In 2009, the then minister, Jacob Nkate, budgeted about P650 million for tertiary education students’ bursaries and the money went around only 8000 students. Under Minister Venson Moitoi’s this would have paid for 16 000 Batswana students to enroll in tertiary institutions.

Although government had earlier announced that it did not have money to sponsor new students for the 2010 academic year, Sunday Standard can reveal that Minister Venson-Moitoi’s administration has been able to raise about P380 million which will pay for the enrolment of 10 000 Batswana students in tertiary institutions.

The Permanent Secretary in the Ministry of Education and Skills Development, Ruth Maphorisa, has confirmed that they have raised about P380 million from within their vote to sponsor 10 000 students to enroll in tertiary institutions.

Maphorisa also confirmed that last year the ministry spent more than P 600 million to sponsor 8000 students to enroll in tertiary education.

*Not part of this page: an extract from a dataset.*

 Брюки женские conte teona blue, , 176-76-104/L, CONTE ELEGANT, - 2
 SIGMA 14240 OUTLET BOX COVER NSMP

This was also confirmed by Minister Venson Moitoi. The pair, however, explained that the average cost of sponsoring students for tertiary education was lower because the ministry was now sponsoring most students to study in government tertiary institutions and cutting down on enrolling students to study in private institutions and abroad.

The Directorate on Corruption and Economic Crime (DCEC) is investigating reports that ministry officials received bribes from private tertiary institutions to place student with them. As a result, most private tertiary institutions enrolled more students than their carrying capacity while government tertiary institutions enrolment was much lower than their capacity.

Minister Moitoi-Venson confirmed that the Francistown polytechnic had an enrolment of 300 students while it had a capacity to enroll 1000 students. This is the picture that emerges with most government tertiary institutions. The DCEC is also investigating reports that ministry officials also received bribes to place unqualified students with private tertiary institutions outside Botswana.

Venson-Moitoi told Sunday Standard earlier this year that, “I am not yet sure on the amount of money involved in the fraud; let us just wait for the DCEC to complete its investigations, and then I will be in a better position to tell you the exact amount involved.” A number of officials were suspended pending investigations. Their suspensions have since been lifted, but investigations are still ongoing.

The officials’ suspensions have since been lifted after it emerged that the ministry’s rot ran much deeper and DCEC investigations will take longer than initially anticipated.
The number of students who have missed out on government sponsorships as a result of the sleaze is believed to be running into tens of thousands.

Sunday Standard investigations have revealed that despite the high expenditure by the Ministry of Education and Skills Development on private tertiary institutions, government was not rewarded with a commensurate improvement in the quality of education. Instead, most private tertiary institutions sacrificed quality of education to increase the bottom line.

At least two private tertiary institutions are being investigated by the DCEC for altering marks of students who had failed so that government could continue sponsoring them. The third private institution is being investigated after it allegedly offered students a training programme it had not agreed on with government.